SAB turns hostile with A$9.5bn bid for Foster's investors
Thursday 18 August 2011
When the British-based brewer SABMiller offered A$4.90 (£3.14) a share for the Australian beer giant Foster's in June, the latter's chief executive, John Pollaers, dismissed the approach as "so far away from reality it wasn't worth engaging".
Now SABMiller – which makes Grolsch, Miller Lite and Peroni – has gone directly to shareholders with the same offer, which values the group at A$9.5bn. It said it was making the move because of a lack of "willingness to engage" by the Foster's board.
The hostile bid comes less than a week before the Australian company's annual results, which surprised some analysts. They are expected to show a decline in beer profits for Foster's, which spun off its struggling wine operation in May to focus on the beer division.
Although Foster's is considered a quintessentially Australian brand, its lager is far more popular in Britain than in its country of origin. Australians, who have seen most of their favourite home-grown brands – including Vegemite spread and Arnott's Biscuits – taken over by foreign companies, seem resigned to the prospect of the nation's biggest brewer going the same way.
Foster's declined to comment yesterday on the latest move by SABMiller, the world's second largest brewer.
SABMiller said the offer would be reduced by any future dividend paid by Foster's.

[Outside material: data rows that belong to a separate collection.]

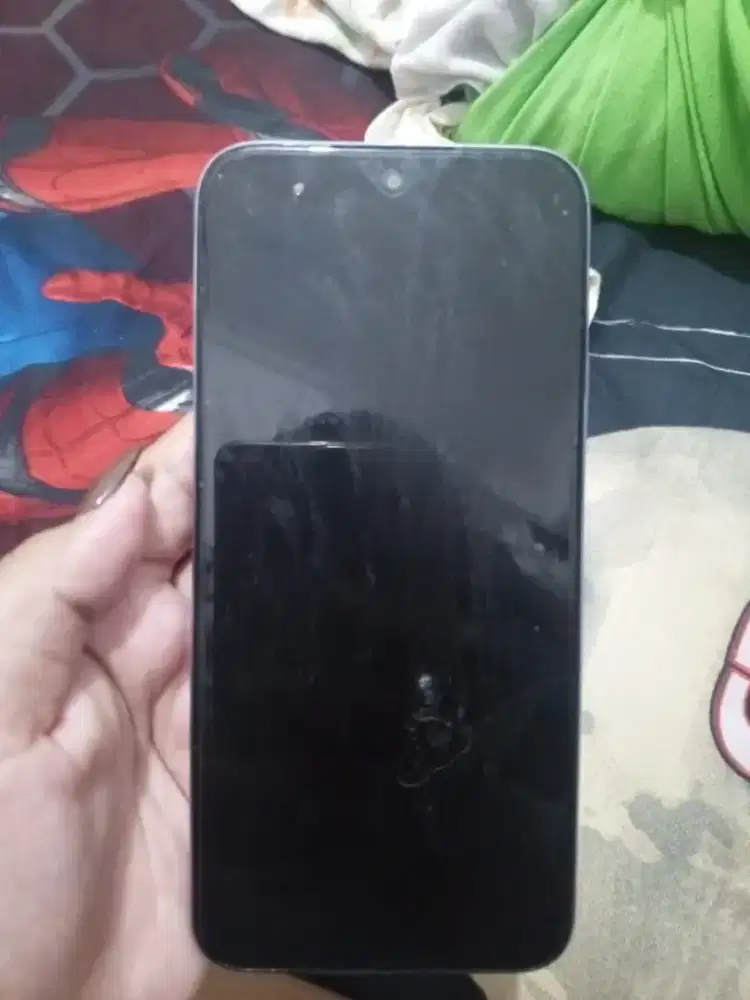 Oppo a6x,pemakaian perempuan,baru di pake sebulan masih mulus bngt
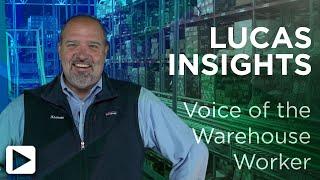 The Voice of the Warehouse Worker: Insights from a Nationwide Study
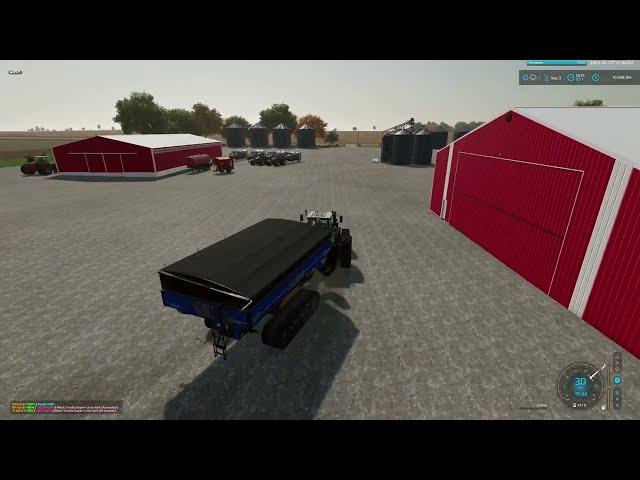 PMC Super Six 6km Start From Zero E04 2023-01-27 Farming Simulator 22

Some shareholders hailed the bid as a way of breaking the deadlock. "The move is welcome in that it'll get the parties engaged," Matthew Williams, Australian equities manager at Perpetual Investments – which has a 4.7 per cent stake in Foster's – said. "The ball is in play."
SABMiller, listed in London and Johannesburg, said it believed its offer was "attractive" and should be put to shareholders. "As there has been no willingness to engage in relation to SABMiller's proposal on the part of the Foster's board, SABMiller has decided to make an offer to Foster's shareholders directly," it said.
In June, analysts said the brewer might have to pay up to A$5.50 a share. Forecasts have now been revised downwards to A$5.10-$5.20.
If results next Tuesday are disappointing, it will add to the pressure on Foster's. Its shares closed up 0.6 per cent yesterday at A$4.96.
Foster's, whose flagship brands are VB, Crown and Carlton Draught, has been losing market share as a result of fierce competition and a shrinking domestic market as Australia has become a nation of wine drinkers.
Statistics published in June show beer consumption at a 62-year low.
Foster's lager was launched in the UK in the 1980s with the slogan "Foster's – Australian for lager", and a memorable TV advertising campaign fronted by the Crocodile Dundee star Paul Hogan, who waxed lyrical about the "amber nectar".
However, the lager brand in the UK is now owned by Heineken and most genuine Australian beer in the UK is brewed in Manchester.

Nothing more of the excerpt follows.